- **EXERCISE**: Give back exactly the lines of the data below, starting with the line that has "セントポーリア E102号-1" and going on through the line that has "2 in. Blue/Green".
######
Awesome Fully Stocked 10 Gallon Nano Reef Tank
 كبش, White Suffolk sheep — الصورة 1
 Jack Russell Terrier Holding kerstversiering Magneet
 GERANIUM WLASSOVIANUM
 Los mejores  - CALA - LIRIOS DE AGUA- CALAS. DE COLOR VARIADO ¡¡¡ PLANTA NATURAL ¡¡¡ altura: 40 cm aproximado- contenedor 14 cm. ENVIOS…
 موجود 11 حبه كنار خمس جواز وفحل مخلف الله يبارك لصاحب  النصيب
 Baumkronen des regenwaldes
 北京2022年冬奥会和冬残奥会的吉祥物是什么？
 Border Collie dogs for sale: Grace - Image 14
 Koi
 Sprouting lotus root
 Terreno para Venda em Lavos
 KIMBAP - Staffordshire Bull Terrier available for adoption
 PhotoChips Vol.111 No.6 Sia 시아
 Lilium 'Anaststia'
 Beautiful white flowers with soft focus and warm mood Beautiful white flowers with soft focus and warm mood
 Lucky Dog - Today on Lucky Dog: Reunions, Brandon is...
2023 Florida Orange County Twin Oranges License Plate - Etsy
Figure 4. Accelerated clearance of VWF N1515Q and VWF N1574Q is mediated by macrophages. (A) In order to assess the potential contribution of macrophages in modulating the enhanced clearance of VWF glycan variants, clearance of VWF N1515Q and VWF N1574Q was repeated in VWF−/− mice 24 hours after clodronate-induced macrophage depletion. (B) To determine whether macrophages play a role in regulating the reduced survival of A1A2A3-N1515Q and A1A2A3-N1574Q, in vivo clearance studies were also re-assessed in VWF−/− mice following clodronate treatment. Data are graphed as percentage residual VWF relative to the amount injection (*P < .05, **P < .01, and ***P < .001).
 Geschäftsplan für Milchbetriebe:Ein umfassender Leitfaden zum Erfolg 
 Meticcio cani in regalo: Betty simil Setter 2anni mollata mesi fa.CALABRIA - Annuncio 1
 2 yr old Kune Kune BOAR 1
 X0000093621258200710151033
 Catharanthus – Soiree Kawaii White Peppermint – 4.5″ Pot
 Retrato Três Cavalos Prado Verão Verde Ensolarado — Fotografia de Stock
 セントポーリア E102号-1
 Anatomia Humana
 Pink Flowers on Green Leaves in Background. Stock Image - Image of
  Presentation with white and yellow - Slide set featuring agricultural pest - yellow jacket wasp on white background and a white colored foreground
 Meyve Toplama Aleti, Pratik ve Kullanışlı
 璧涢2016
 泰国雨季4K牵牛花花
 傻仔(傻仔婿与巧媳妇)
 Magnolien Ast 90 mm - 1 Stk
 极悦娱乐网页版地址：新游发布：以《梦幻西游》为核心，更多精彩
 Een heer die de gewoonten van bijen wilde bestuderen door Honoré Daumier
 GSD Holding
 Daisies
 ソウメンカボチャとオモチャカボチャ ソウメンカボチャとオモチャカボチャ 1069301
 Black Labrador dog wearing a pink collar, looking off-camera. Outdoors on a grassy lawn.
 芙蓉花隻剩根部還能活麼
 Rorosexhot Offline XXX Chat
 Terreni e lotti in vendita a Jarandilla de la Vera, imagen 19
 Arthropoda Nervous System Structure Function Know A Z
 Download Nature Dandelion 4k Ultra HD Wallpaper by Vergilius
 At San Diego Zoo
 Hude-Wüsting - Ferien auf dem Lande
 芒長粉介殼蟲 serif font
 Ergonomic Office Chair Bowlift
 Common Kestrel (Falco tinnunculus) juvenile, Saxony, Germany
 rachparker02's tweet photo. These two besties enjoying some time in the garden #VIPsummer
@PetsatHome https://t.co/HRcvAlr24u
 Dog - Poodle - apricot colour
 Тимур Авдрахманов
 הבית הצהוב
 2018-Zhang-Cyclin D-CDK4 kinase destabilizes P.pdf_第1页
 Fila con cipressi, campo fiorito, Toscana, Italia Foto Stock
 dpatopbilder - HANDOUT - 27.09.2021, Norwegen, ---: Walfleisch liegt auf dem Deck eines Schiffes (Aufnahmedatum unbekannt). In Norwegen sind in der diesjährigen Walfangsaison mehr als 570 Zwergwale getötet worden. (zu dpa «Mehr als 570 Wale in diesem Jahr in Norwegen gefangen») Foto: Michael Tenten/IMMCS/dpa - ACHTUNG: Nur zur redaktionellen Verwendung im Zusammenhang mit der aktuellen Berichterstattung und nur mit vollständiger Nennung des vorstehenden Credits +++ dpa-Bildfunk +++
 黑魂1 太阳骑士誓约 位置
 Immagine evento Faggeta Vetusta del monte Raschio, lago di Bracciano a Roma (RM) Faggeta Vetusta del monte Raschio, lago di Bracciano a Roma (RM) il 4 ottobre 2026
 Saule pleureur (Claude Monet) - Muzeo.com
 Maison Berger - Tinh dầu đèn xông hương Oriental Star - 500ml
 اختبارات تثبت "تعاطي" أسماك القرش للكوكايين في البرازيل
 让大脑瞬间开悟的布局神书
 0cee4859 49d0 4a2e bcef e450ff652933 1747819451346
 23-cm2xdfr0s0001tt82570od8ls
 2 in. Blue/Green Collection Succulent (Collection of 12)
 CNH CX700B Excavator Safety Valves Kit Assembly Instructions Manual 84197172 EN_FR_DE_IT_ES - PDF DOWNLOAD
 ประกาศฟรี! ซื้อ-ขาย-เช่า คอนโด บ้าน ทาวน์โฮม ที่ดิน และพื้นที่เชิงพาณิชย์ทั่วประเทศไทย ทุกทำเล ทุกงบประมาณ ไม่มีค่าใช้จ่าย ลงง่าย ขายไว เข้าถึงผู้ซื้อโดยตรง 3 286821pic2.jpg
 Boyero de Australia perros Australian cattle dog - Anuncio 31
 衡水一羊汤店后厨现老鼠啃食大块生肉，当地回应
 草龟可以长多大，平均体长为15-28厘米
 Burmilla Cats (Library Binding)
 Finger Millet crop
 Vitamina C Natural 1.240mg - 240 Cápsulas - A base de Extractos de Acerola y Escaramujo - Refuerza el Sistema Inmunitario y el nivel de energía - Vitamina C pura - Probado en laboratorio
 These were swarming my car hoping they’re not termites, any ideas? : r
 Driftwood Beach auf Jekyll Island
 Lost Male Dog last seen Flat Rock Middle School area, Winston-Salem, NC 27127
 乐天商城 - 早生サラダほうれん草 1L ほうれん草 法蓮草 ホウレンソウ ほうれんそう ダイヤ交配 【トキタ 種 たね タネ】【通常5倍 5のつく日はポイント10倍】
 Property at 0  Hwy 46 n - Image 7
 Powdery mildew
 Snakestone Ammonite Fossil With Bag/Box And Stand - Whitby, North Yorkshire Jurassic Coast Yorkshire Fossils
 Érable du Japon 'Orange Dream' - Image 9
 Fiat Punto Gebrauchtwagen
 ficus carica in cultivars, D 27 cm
######
- **WRITTEN RESPONSE**:
 セントポーリア E102号-1
 Anatomia Humana
 Pink Flowers on Green Leaves in Background. Stock Image - Image of
  Presentation with white and yellow - Slide set featuring agricultural pest - yellow jacket wasp on white background and a white colored foreground
 Meyve Toplama Aleti, Pratik ve Kullanışlı
 璧涢2016
 泰国雨季4K牵牛花花
 傻仔(傻仔婿与巧媳妇)
 Magnolien Ast 90 mm - 1 Stk
 极悦娱乐网页版地址：新游发布：以《梦幻西游》为核心，更多精彩
 Een heer die de gewoonten van bijen wilde bestuderen door Honoré Daumier
 GSD Holding
 Daisies
 ソウメンカボチャとオモチャカボチャ ソウメンカボチャとオモチャカボチャ 1069301
 Black Labrador dog wearing a pink collar, looking off-camera. Outdoors on a grassy lawn.
 芙蓉花隻剩根部還能活麼
 Rorosexhot Offline XXX Chat
 Terreni e lotti in vendita a Jarandilla de la Vera, imagen 19
 Arthropoda Nervous System Structure Function Know A Z
 Download Nature Dandelion 4k Ultra HD Wallpaper by Vergilius
 At San Diego Zoo
 Hude-Wüsting - Ferien auf dem Lande
 芒長粉介殼蟲 serif font
 Ergonomic Office Chair Bowlift
 Common Kestrel (Falco tinnunculus) juvenile, Saxony, Germany
 rachparker02's tweet photo. These two besties enjoying some time in the garden #VIPsummer
@PetsatHome https://t.co/HRcvAlr24u
 Dog - Poodle - apricot colour
 Тимур Авдрахманов
 הבית הצהוב
 2018-Zhang-Cyclin D-CDK4 kinase destabilizes P.pdf_第1页
 Fila con cipressi, campo fiorito, Toscana, Italia Foto Stock
 dpatopbilder - HANDOUT - 27.09.2021, Norwegen, ---: Walfleisch liegt auf dem Deck eines Schiffes (Aufnahmedatum unbekannt). In Norwegen sind in der diesjährigen Walfangsaison mehr als 570 Zwergwale getötet worden. (zu dpa «Mehr als 570 Wale in diesem Jahr in Norwegen gefangen») Foto: Michael Tenten/IMMCS/dpa - ACHTUNG: Nur zur redaktionellen Verwendung im Zusammenhang mit der aktuellen Berichterstattung und nur mit vollständiger Nennung des vorstehenden Credits +++ dpa-Bildfunk +++
 黑魂1 太阳骑士誓约 位置
 Immagine evento Faggeta Vetusta del monte Raschio, lago di Bracciano a Roma (RM) Faggeta Vetusta del monte Raschio, lago di Bracciano a Roma (RM) il 4 ottobre 2026
 Saule pleureur (Claude Monet) - Muzeo.com
 Maison Berger - Tinh dầu đèn xông hương Oriental Star - 500ml
 اختبارات تثبت "تعاطي" أسماك القرش للكوكايين في البرازيل
 让大脑瞬间开悟的布局神书
 0cee4859 49d0 4a2e bcef e450ff652933 1747819451346
 23-cm2xdfr0s0001tt82570od8ls
 2 in. Blue/Green Collection Succulent (Collection of 12)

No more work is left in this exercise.